Problem requirements:
Using the records below, repeat exactly the lines from the one holding "Runworld Taekwondo Training" through the one holding "Clipart Dogs In Clothes 8 - 300dpi", both ends included, and no others.

--- START ---

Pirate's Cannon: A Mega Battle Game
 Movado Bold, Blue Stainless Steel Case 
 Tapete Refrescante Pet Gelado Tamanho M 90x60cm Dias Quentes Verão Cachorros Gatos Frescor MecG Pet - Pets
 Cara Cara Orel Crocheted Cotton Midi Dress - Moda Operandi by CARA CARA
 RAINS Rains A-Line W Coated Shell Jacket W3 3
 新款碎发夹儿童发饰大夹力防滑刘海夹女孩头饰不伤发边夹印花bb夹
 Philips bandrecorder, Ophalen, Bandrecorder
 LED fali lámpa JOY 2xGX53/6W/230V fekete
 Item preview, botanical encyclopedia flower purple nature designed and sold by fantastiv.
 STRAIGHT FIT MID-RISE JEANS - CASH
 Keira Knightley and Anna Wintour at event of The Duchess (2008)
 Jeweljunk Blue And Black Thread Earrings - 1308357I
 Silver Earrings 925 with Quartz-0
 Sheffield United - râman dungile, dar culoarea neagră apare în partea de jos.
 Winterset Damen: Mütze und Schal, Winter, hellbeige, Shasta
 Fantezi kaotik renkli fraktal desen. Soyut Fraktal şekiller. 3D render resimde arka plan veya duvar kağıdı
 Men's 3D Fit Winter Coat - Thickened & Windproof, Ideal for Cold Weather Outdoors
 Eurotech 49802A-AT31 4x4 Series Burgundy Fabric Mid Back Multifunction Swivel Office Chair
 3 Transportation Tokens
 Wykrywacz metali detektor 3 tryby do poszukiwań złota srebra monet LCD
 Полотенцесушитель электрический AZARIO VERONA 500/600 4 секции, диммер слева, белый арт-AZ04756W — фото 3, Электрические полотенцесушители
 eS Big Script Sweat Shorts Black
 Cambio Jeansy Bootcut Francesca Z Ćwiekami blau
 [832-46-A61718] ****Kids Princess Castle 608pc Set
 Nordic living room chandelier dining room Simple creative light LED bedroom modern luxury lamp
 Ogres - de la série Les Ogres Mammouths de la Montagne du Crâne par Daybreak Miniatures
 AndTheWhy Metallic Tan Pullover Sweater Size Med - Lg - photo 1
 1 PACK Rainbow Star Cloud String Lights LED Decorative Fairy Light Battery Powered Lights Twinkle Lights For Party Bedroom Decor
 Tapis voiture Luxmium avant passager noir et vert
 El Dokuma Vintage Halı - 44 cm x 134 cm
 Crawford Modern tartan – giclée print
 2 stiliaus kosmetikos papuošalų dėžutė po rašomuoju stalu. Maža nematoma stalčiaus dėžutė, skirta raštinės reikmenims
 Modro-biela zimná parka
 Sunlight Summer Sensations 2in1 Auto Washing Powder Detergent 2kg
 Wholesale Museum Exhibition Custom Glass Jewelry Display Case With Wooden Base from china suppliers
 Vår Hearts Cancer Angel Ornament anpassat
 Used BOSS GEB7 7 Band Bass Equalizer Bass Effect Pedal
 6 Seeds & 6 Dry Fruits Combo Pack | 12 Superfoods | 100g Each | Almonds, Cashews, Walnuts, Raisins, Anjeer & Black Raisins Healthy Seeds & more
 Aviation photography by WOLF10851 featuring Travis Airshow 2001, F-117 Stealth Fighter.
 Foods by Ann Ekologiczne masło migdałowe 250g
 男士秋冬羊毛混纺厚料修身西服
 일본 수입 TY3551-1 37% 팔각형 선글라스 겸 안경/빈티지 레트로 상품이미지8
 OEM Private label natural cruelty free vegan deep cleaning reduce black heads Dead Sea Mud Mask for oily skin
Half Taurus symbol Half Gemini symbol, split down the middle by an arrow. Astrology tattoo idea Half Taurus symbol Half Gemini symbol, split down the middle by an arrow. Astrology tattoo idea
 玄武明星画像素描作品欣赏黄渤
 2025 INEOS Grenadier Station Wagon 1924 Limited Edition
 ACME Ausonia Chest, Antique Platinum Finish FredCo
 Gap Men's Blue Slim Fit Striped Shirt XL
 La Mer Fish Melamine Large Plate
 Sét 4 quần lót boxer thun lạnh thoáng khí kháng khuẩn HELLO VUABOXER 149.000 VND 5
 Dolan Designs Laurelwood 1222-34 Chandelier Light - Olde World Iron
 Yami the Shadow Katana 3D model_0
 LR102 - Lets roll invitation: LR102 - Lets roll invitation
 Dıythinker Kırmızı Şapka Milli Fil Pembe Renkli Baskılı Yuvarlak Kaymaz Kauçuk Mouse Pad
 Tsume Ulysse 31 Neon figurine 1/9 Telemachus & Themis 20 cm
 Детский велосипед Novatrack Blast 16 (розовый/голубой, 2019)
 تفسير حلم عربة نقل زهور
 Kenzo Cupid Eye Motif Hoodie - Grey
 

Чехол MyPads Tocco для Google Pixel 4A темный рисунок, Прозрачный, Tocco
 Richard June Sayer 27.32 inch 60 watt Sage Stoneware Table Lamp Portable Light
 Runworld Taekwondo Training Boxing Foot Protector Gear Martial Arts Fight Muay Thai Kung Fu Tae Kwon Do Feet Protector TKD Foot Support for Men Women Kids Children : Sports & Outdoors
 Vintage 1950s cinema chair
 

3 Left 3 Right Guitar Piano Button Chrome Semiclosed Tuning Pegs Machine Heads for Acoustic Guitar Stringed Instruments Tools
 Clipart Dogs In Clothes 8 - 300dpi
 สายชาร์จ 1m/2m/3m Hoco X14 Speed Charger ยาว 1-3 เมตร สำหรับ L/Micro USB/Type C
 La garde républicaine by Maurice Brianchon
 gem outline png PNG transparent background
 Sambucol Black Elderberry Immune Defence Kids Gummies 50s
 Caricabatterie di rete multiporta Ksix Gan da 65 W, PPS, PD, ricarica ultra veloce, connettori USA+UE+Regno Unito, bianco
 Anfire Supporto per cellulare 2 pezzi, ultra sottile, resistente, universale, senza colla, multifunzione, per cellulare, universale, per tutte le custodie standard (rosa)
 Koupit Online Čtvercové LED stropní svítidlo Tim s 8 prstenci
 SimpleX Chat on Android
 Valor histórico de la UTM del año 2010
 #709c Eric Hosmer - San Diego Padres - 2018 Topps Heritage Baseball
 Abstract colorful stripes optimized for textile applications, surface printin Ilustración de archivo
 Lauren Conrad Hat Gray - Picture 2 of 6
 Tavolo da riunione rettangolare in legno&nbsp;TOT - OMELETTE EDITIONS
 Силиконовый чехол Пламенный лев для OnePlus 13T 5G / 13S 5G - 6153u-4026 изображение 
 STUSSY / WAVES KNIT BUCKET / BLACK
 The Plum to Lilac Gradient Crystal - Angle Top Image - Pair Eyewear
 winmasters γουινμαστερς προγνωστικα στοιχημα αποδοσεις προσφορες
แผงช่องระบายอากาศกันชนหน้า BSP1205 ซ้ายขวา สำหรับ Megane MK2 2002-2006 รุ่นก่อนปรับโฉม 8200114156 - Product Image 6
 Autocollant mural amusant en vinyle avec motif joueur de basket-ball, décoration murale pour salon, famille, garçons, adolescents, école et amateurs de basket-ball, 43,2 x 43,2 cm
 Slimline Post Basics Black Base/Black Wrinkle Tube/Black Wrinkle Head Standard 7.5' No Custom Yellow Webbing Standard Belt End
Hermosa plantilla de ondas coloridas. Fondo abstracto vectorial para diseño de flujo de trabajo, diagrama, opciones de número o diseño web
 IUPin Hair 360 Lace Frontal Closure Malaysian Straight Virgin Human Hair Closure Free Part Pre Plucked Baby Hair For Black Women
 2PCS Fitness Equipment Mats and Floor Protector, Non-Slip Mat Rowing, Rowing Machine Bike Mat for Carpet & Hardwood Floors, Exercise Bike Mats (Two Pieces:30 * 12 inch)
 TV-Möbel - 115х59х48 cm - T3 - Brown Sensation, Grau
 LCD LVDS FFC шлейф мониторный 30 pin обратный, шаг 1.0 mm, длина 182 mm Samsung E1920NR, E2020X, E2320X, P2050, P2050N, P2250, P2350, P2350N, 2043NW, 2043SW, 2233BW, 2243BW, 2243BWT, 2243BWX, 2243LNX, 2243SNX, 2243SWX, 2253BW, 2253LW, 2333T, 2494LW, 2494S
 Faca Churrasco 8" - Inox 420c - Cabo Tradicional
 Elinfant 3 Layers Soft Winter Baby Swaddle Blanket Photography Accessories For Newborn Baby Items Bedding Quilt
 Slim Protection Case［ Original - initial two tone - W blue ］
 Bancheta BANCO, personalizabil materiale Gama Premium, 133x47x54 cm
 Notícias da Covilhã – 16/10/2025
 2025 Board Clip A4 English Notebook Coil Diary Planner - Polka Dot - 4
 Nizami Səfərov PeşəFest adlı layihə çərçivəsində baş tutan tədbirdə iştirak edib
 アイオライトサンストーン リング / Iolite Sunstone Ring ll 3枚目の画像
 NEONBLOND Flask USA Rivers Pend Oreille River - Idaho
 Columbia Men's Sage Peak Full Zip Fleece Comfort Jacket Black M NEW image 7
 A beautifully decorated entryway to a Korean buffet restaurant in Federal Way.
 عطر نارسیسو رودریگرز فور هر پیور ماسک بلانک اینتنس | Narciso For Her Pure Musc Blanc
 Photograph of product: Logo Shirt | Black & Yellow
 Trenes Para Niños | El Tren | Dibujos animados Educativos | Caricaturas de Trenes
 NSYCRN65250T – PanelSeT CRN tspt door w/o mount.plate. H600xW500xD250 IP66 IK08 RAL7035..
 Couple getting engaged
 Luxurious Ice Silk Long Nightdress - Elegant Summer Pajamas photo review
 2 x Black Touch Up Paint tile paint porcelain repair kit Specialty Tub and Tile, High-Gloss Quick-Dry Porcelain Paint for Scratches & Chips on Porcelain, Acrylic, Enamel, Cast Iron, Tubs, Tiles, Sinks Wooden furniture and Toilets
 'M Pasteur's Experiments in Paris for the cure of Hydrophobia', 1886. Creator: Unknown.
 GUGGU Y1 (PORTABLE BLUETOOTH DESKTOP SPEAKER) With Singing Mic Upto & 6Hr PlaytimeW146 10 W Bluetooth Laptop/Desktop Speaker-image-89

--- END ---

Written solution:
 Runworld Taekwondo Training Boxing Foot Protector Gear Martial Arts Fight Muay Thai Kung Fu Tae Kwon Do Feet Protector TKD Foot Support for Men Women Kids Children : Sports & Outdoors
 Vintage 1950s cinema chair
 

3 Left 3 Right Guitar Piano Button Chrome Semiclosed Tuning Pegs Machine Heads for Acoustic Guitar Stringed Instruments Tools
 Clipart Dogs In Clothes 8 - 300dpi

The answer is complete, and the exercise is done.